5- Any transfer of the property and assets of the Company under liquidation or any assignment thereof, or disposing of them in a fraudulent way to give preference to some creditors of the Company over others.

b) A judgment creditor of the Company loses his right to the properties and assets of the Company which he has attached and in any other actions concerned therewith, unless the attachment or the action were executed prior to the commencement of liquidating the Company.

c) Should the Execution Officer be notified of the resolution for the liquidation of the Public Shareholding Company prior to the sale of its attached properties or assets, or prior to finalizing the transaction of execution thereon, the Execution Officer shall be obliged to hand over those properties and assets to the liquidator including. The execution fees and expenses shall be considered a preference debt on those properties and assets.

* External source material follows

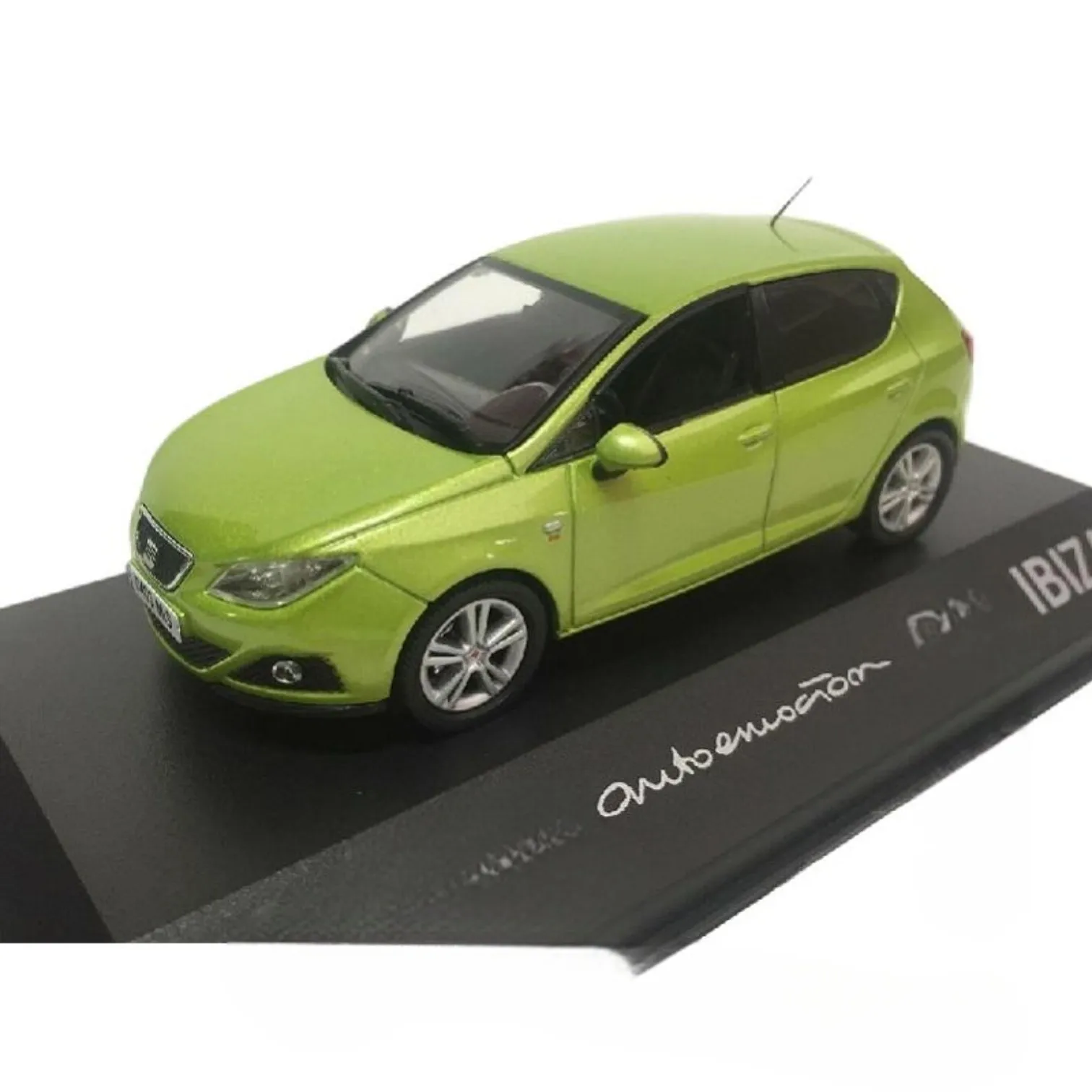 Ale-Fischer, Spanisches Automodell Ibiza in Zitrusgelb, # Maßstab 12, 1:43, Druckguss-Miniatur zum Verkauf im Angebot, Self-Emotion-Serie, Originalverpackung mit Vitrine und Identifikationsbasis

d) The Court shall permit the liquidator to sell the assets of a Public Shareholding Company which are under liquidation, whether the liquidation is voluntary or mandatory, if the Court is satisfied that the interest of the Company necessitates that.

Article (256) The liquidator shall settle the Company’s debts in accordance with the following order, after deducting liquidation expenses, including the remuneration of the liquidator, and any violation of this order shall be considered null and void:

a) Amounts due to the employees of the Company.

b) Amounts due to the Public Treasury and to the municipalities.

c) Rents due to the owner of any real estate leased to the Company.

d) Other amounts due in accordance with the order of priority in accordance with the Laws in force.

Article (257)

a) Should any promoter of a Public Shareholding Company, or chairman or a member of its Board of Directors, or any manager or employee thereof, abuse the use of the properties of a Company under liquidation, or retain that property or becomes committed for its repayment or be responsible for it, then he shall be obliged to return it to the Company along with legal interest, and shall also be liable to compensate for any damage he caused to the Company or third parties, in addition to bearing the criminal liability imposed on him pursuant to the legislations in force.

b) Should it appear during the liquidation that some of the Company’s operations were carried out in a fraudulent manner towards the creditors of the Company, then the present and former chairman and members of the Board of Directors of the Company who took part in those operations shall be considered personally liable for the Company’s debts and liabilities or for any of them as the case may be.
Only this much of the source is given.